### Records for this task
● ● ● ●

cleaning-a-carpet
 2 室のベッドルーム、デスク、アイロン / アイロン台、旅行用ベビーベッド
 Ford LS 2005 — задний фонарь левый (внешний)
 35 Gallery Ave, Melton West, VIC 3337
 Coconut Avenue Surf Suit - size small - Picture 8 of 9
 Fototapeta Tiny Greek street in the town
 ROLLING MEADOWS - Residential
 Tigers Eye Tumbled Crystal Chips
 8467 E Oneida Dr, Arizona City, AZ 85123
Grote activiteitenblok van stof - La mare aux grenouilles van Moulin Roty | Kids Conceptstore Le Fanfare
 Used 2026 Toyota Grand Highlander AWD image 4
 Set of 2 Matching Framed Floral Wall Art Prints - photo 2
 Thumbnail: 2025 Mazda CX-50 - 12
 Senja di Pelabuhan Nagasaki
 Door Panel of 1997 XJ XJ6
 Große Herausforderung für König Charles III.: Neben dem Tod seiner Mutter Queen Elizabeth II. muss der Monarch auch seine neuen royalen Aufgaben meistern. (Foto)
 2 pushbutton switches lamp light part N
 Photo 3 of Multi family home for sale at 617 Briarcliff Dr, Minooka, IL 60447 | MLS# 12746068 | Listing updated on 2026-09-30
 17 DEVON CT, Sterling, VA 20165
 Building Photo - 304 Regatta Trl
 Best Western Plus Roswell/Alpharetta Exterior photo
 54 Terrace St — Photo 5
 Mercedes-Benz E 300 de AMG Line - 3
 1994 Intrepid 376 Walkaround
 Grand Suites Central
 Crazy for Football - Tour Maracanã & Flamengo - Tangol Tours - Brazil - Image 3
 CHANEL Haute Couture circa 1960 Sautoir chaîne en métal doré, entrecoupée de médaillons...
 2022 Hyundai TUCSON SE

● ● ● ●

### Assigned task
All that is wanted is an exact copy of the lines from the line holding "54 Terrace St — Photo 5" through the end of the material above, including both.

### Answer space
 54 Terrace St — Photo 5
 Mercedes-Benz E 300 de AMG Line - 3
 1994 Intrepid 376 Walkaround
 Grand Suites Central
 Crazy for Football - Tour Maracanã & Flamengo - Tangol Tours - Brazil - Image 3
 CHANEL Haute Couture circa 1960 Sautoir chaîne en métal doré, entrecoupée de médaillons...
 2022 Hyundai TUCSON SE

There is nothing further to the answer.